Here's the short version of what you should do when writing assembly for Go to avoid the problems discussed in this post:
BP
for AMD64, R29
for ARM64).
Leaving a non-frame pointer value in those registers prior to calling a Go function can crash the runtime execution tracer and profilers.
The first issue was reported at go.dev/issue/69629.
After upgrading to Go 1.23, and building with profile-guided optimization (PGO),
the block profiler consistently crashed when the program was under load.
The crash happened when collecting a call stack via frame pointer unwinding.
This affected the program when built for the amd64
architecture,
but not when it was built for arm64
.
I had contributed frame pointer unwinding for the block and mutex profilers for Go 1.23,
so I took a look at the issue.
I won't go into the full investigation here.
There were many dead ends.
Thanks to the issue reporter, Liz Fong-Jones (@lizthegrey), for being so willing to collect and share information.

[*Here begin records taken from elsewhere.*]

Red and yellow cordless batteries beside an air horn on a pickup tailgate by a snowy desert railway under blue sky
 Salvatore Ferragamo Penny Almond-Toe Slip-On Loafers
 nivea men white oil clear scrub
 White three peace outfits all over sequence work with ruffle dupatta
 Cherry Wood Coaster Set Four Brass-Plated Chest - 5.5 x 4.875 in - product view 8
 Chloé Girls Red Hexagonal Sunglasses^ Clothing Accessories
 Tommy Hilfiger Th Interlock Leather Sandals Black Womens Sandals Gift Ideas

The key clue turned out to be the address of the faulting memory access, 0x30bc5b31
,
which was the same in every occurrence of the crash.
The program was reading 8 bytes above a frame pointer,
so the supposed frame pointer was 0x30bc5b29
.
In a moment of desperation (or inspiration?)
I put this value into GitHub code search and turned up several
Metrohash implementations.
The github.com/dgryski/go-metro implementation uses assembly. Turns out the affected program was using this library! Here's some assembly from the library:
// func Hash64(buffer_base uintptr, buffer_len int64, buffer_cap int64, seed uint64) uint64 TEXT ·Hash64(SB),4,$0-40 MOVQ seed+24(FP), AX MOVQ buffer_base+0(FP), BX MOVQ buffer_len+8(FP), CX MOVQ $3603962101, DX IMULQ DX, AX MOVQ $5961697176435608501, DX ADDQ DX, AX CMPQ CX, $32 JLT after32 MOVQ AX, DX MOVQ AX, DI MOVQ AX, SI MOVQ AX, BP
The MOVQ AX, BP
instruction is a problem.
The BP
register is used as a "frame pointer" register for AMD64.
Frame pointers form a linked list used to efficiently collect backtraces,
and the head of the list lives in that register.
The function also has no call frame (see the $0
in the signature),
so the assembler won't add any code to save and restore the frame pointer.
That MOVQ
instruction overwrites BP
with a value used for the hash function,
without saving the old value.
So the old value is gone forever, and BP
now holds an invalid frame pointer.
Later in the function,
there is a MOVQ $817650473, BP
instruction.
This is the last write to BP
before the function returns.
And 817650473 == 0x30bc5b29
, our mystery value.
Because this function leaves a non-frame pointer value in the frame pointer register, any unwinding that passes through it between when when this function returns and when its caller returns (restoring the caller's caller's presumably valid frame pointer) will fail. The affected program crashed with PGO enabled because the function which called this buggy hash function was inlined, extending the scope where the frame pointer register was invalid. I reported the problem.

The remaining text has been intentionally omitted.